• [How to complete this task]:
Please write out only the lines from the line with "Gap Y2K Era" to the line with "Antique Eye Clean", inclusive, exactly as they stand below, without the pictures.

• [Records supplied]:
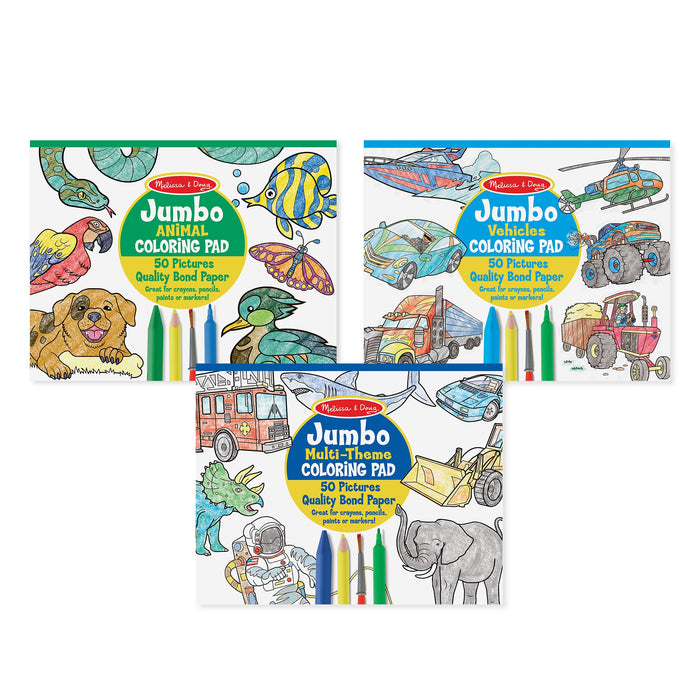 Coloring Pad 3-Pack: Animals, Vehicles, Multi-Theme S5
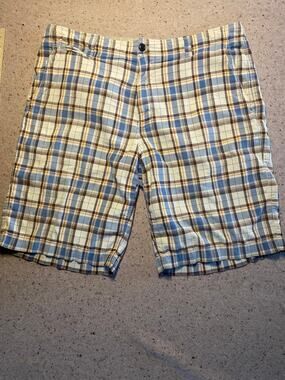 Gap Y2K Era Plaid Flat Front Shorts 38 Preppy Golf Coastal
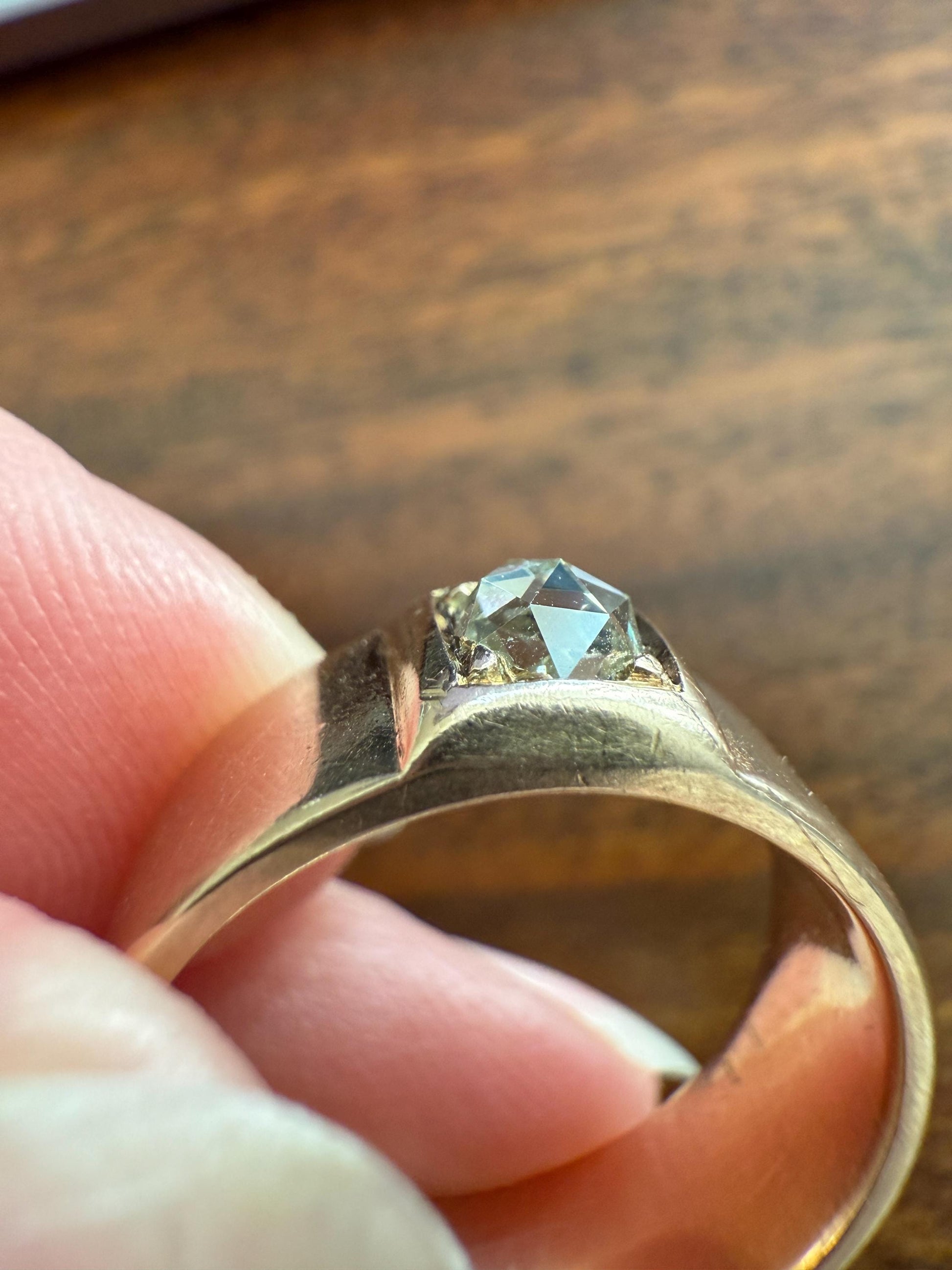 Antique Eye Clean Rose Cut DIAMOND French ViCTORIAN 7.3mm Wide Cigar Band Ring 7.3g 18k Gold Solid Stacker Chunky Belle Epoque Unisex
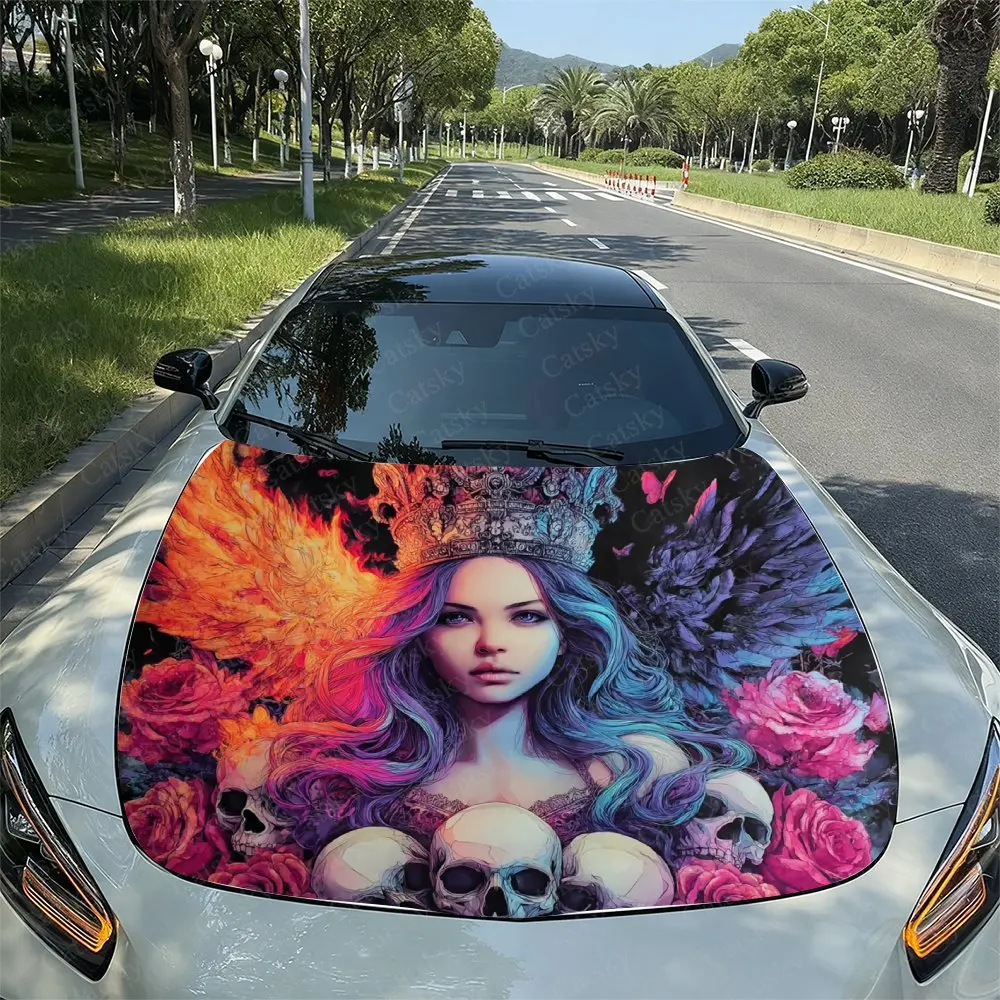 

Car Hood Film,Dark Rose Skeleton Queen Pattern Car Sticker-suitable For Most Car Models Of Vinyl Film,external Accessories;Bubbl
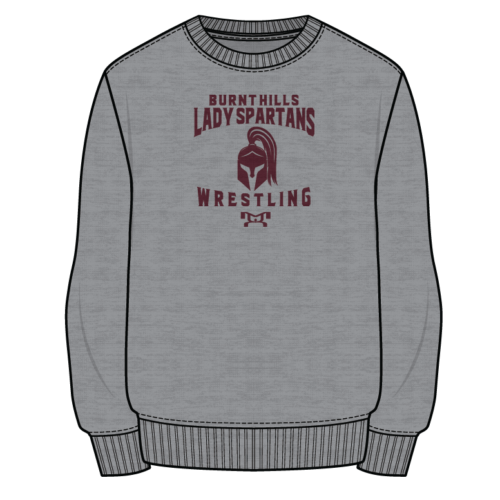 Burnt Hills Ballston Lake Women's Wrestling Sublimated Decal Grey Crewneck 2024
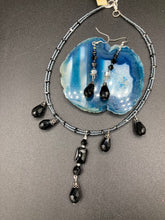 Load image into Gallery viewer, Chandelier Style Black And Silver Square And Teardrop Glass Beaded Necklace, Hippie, Shabby Chic, Boho Chic, Gypsy, Draped Necklace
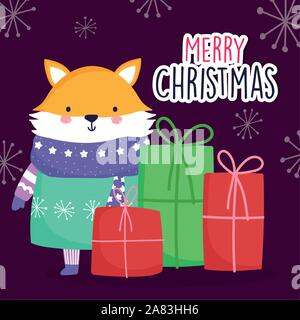 Joyeux noël célébration cute fox wearing scarf pullover et coffrets cadeaux flocons vector illustration Illustration de Vecteur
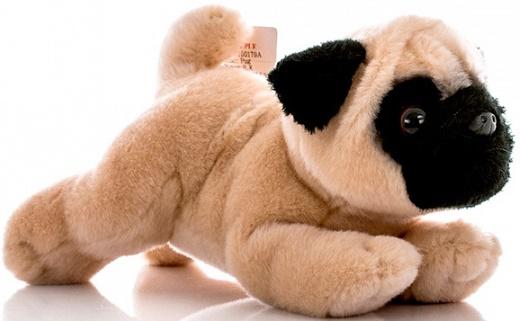 Мягкая игрушка собака Aurora Мопс плюш бежевый 28 см 300-12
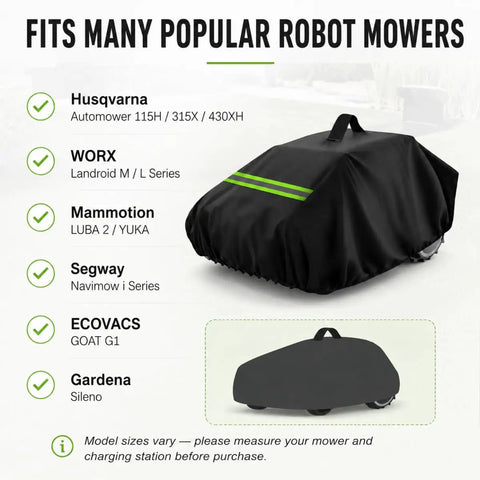Heavy Duty Robot Lawn Mower Cover Built For Outdoor Garage Storage No Sweat Weatherproof cover fitting popular robot mowers.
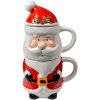 Clayre & Eef Vánoční hrnek Santa Claus keramika 300/375ml venkovský styl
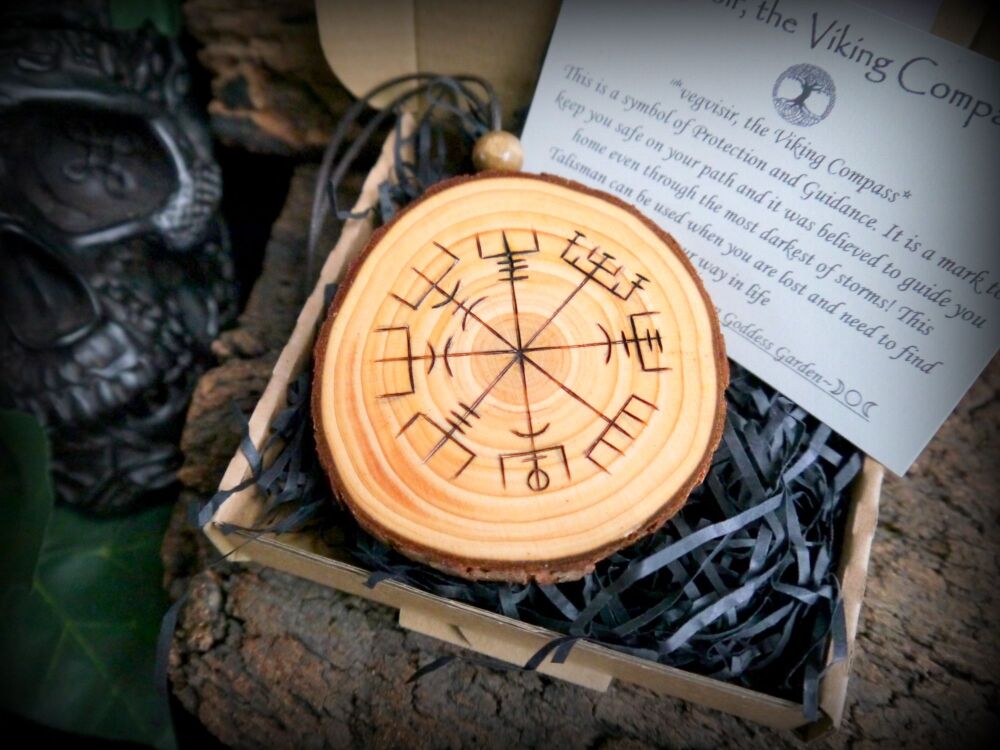 Wooden Altar Piece Vegvisir the Viking Compass Viking Protection Witchcraft witches Wicca Pagan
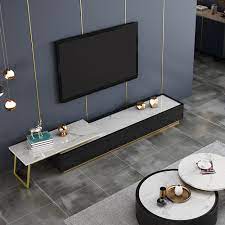 White Extendable Tv Stand With Storage Faux Marble 3 Drawer In 2021 Tv Stand With Storage Tv Stand Living Room Tv Stand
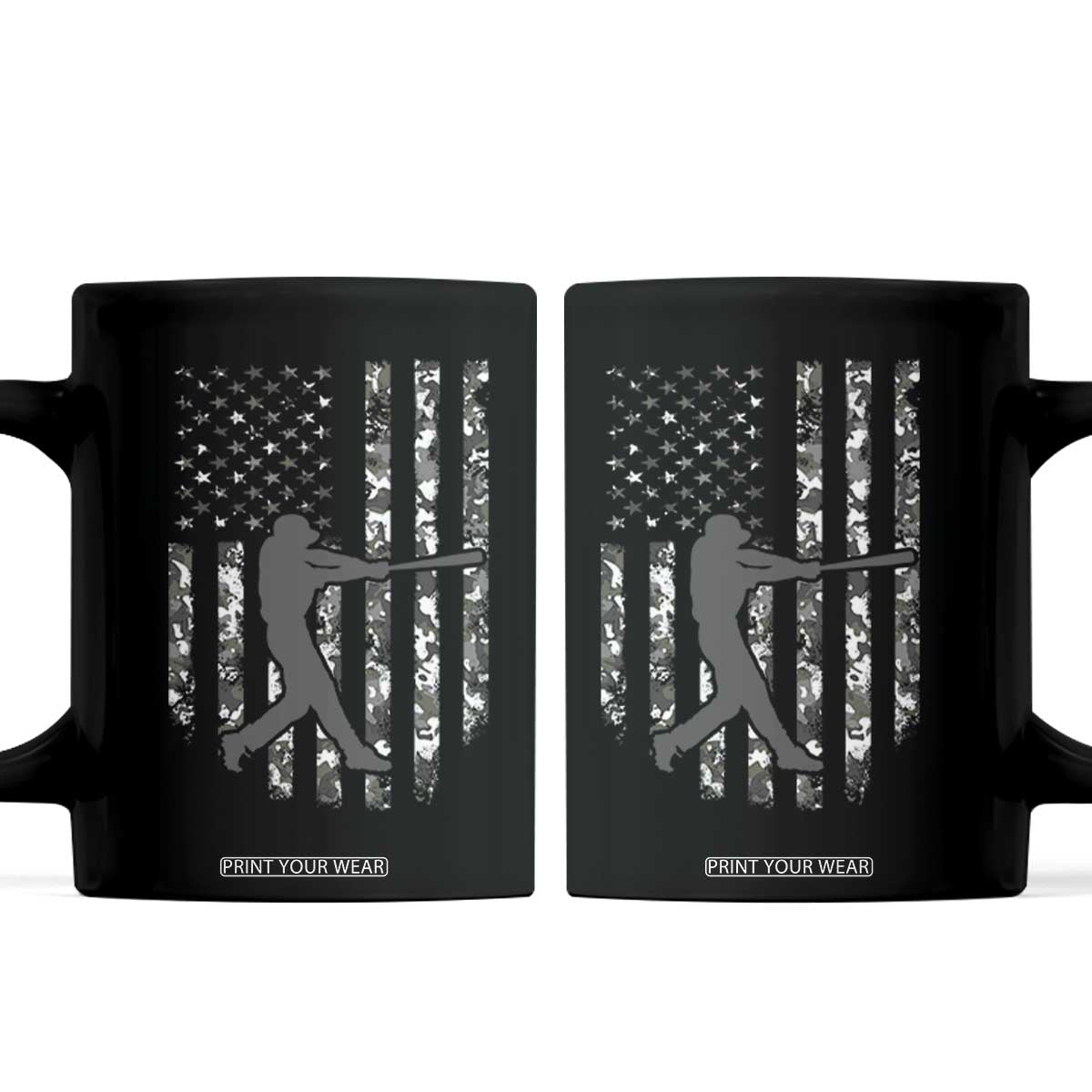 Camo US Flag Baseball Player Coffee Mug Retro Camouflage American Flag Patriotic TS10 Black Print Your Wear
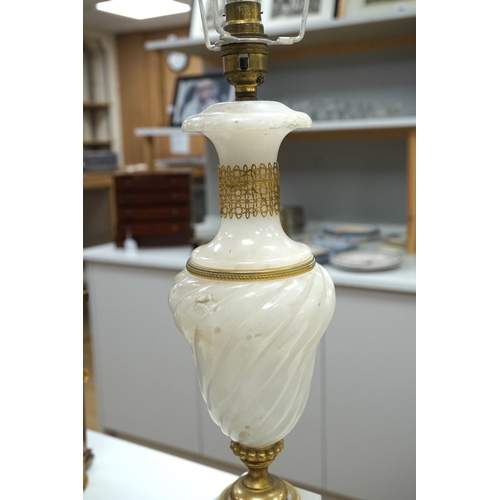 1293 - An alabaster and gilt table lamp, 44cm to top of alabaster. Condition - fair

• [Response to the exercise]:
 Gap Y2K Era Plaid Flat Front Shorts 38 Preppy Golf Coastal
 Antique Eye Clean Rose Cut DIAMOND French ViCTORIAN 7.3mm Wide Cigar Band Ring 7.3g 18k Gold Solid Stacker Chunky Belle Epoque Unisex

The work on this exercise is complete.